本書は、客家の居住地でして知られる梅県を舞台とする民族誌である。客家は、中国東南部の山岳地帯を本拠地とする漢族の一集団であり、そこから少なからずの人びとが世界各地に移住している。一般的に、梅県は世界各地に住む客家の「故郷」とみなされており、梅県の常住人口を客家、物質・民俗的事象を客家文化とする風潮が根強い。同様に、従来の客家研究も、梅県のあらゆる事象をアプリオリに客家と結びつけて認識してきた。それに対して本書は、梅県=客家地域とアプリオリに結びつける認識論的アプローチを批判し、むしろ1980年代の中国で市場経済化が推進されるにつれ、梅県がいかに客家の<空間>として生成されるようになったのか論じることを目的としている。本書が明らかにするのは、歴史文献のうえで梅県が客家と結びつけられるようになるのは19世紀末のことで、この図式が定着するのは1978年の改革開放政策が始まってからだということである。
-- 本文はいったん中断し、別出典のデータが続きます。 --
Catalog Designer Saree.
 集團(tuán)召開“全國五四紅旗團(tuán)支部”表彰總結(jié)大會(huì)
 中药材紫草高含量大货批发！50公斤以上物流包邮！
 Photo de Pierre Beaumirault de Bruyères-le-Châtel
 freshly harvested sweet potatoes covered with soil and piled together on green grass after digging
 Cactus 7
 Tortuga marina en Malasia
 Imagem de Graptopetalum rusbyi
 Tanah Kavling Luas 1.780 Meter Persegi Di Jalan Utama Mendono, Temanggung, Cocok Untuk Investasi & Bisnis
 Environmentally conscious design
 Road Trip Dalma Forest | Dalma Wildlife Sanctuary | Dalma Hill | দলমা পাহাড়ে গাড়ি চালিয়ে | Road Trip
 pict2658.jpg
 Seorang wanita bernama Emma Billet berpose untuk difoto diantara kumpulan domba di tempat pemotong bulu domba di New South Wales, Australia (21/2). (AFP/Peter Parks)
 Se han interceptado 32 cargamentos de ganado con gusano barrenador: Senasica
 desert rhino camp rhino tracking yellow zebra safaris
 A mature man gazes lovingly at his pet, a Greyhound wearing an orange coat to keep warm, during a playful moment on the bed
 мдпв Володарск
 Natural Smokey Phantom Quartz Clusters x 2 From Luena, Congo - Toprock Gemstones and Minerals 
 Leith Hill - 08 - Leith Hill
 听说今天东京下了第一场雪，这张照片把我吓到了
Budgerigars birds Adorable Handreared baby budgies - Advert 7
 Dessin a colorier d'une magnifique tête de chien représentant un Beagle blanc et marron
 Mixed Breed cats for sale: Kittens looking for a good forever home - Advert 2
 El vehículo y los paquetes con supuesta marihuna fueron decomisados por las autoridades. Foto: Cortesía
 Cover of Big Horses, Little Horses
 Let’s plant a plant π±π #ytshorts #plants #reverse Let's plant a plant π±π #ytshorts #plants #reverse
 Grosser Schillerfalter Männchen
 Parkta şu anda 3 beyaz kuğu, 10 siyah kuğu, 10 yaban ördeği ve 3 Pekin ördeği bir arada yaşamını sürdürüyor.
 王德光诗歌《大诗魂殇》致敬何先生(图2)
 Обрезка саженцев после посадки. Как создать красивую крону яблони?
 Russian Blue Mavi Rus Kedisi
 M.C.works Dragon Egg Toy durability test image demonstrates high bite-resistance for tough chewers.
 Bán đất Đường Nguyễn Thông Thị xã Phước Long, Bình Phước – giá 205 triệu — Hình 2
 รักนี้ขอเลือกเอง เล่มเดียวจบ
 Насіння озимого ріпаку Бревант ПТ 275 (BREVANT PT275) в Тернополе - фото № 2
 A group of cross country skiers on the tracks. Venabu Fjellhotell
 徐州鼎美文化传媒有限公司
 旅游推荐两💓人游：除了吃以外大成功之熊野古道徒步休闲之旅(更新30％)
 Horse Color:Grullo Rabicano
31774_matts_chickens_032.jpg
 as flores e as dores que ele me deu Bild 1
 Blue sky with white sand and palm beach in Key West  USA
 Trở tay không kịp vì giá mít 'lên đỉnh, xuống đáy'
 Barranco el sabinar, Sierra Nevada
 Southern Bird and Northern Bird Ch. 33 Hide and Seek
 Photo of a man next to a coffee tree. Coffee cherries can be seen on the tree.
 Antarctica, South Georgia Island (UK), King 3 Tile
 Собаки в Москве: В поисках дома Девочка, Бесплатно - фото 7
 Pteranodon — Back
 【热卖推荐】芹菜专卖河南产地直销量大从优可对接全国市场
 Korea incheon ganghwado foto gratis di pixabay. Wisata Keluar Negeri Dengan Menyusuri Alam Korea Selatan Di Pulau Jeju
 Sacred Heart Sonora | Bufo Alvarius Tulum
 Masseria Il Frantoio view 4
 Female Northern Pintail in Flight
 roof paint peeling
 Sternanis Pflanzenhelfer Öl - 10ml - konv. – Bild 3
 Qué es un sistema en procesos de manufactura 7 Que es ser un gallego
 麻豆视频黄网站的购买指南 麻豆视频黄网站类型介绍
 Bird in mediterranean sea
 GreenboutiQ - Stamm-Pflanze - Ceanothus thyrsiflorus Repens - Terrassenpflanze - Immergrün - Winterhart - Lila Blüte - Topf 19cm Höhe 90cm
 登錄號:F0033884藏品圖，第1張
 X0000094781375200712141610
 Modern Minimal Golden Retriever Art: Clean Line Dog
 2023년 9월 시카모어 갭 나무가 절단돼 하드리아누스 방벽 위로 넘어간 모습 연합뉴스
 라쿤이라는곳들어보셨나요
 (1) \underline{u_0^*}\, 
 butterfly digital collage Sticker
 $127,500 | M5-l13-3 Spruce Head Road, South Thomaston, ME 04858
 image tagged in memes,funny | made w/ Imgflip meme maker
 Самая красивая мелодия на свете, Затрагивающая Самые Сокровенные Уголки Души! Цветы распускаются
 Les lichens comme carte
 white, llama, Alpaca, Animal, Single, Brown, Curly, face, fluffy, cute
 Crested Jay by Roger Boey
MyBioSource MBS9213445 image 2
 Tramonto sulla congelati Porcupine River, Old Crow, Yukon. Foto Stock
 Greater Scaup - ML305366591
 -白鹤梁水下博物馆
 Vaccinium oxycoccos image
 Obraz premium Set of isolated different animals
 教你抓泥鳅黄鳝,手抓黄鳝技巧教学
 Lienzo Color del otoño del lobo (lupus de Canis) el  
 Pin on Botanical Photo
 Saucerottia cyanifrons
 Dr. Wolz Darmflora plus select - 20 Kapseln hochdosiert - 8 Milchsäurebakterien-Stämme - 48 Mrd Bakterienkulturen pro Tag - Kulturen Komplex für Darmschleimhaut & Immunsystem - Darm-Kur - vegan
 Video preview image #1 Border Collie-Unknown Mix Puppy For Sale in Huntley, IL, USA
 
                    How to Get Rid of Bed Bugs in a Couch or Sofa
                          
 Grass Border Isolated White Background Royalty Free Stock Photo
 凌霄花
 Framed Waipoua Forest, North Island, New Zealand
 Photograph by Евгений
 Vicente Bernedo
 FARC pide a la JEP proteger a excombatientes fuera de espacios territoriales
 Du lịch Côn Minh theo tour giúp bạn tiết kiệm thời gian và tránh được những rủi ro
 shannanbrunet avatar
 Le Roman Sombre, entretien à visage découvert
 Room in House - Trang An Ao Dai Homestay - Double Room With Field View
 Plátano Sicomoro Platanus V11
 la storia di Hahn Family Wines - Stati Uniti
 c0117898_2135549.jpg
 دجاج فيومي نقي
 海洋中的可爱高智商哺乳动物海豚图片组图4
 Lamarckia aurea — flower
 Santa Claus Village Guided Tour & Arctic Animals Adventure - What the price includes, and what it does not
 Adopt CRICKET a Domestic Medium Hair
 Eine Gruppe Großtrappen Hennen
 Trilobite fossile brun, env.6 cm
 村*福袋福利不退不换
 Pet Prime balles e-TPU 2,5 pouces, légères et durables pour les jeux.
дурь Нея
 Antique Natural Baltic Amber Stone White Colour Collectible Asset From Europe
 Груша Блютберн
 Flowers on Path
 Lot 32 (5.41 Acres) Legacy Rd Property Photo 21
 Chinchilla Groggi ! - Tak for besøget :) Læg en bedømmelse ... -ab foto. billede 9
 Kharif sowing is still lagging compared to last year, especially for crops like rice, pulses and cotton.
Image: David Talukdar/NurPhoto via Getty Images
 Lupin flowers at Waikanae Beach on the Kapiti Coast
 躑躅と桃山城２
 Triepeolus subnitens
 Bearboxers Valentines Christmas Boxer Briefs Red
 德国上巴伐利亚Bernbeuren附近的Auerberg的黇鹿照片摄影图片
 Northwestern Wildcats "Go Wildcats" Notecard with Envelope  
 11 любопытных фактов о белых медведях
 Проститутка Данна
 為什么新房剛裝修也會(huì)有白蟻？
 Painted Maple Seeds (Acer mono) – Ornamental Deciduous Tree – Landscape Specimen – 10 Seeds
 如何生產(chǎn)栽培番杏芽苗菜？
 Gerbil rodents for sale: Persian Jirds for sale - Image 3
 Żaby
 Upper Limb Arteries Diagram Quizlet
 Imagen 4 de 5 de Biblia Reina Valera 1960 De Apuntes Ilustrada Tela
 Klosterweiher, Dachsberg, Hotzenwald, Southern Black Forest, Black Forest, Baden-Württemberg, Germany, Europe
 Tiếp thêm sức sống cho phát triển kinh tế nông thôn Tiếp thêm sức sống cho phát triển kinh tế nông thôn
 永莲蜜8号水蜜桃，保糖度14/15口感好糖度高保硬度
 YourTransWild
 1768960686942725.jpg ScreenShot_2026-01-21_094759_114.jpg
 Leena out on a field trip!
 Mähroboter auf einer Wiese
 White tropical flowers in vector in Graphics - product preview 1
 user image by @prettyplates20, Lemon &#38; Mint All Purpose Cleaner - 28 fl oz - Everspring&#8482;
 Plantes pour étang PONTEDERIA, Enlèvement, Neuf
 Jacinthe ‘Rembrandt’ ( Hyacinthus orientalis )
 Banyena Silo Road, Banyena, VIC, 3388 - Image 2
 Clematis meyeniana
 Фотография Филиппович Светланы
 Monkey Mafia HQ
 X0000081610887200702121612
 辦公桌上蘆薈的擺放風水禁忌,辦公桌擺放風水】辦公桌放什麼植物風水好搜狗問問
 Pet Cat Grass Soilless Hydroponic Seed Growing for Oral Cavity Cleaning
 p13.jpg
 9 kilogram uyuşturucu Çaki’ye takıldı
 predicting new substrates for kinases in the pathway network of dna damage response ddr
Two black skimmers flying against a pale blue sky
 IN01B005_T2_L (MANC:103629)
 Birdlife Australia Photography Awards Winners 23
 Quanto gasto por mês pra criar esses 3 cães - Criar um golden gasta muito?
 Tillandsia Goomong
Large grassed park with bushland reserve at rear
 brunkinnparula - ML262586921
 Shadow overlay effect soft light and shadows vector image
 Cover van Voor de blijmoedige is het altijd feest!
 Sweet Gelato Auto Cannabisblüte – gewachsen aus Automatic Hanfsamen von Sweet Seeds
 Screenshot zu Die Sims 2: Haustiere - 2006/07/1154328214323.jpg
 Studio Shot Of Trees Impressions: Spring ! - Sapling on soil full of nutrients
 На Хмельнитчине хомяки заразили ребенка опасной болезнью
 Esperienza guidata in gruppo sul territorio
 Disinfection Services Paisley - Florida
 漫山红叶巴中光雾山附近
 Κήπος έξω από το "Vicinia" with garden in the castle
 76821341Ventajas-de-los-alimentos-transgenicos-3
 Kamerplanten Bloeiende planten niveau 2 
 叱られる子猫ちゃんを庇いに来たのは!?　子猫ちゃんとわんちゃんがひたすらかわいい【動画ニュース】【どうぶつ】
梅県の政府、メディア、学者、企業、そして宗族(親族集団)は、各自の目的に応じて客家文化をめぐる概念や言説を利用するようになり、これら多様なアクターにより「客家の故郷」としての梅県の文化的景観がつくられていった。本書は、特に客家文化という認識的枠組みから零れ落ちる諸実践に着目し、宗族がそれを本物の客家文化として発見・主張することで、梅県が<客家の空間>として不断に生成され続けている動態的側面を描き出している。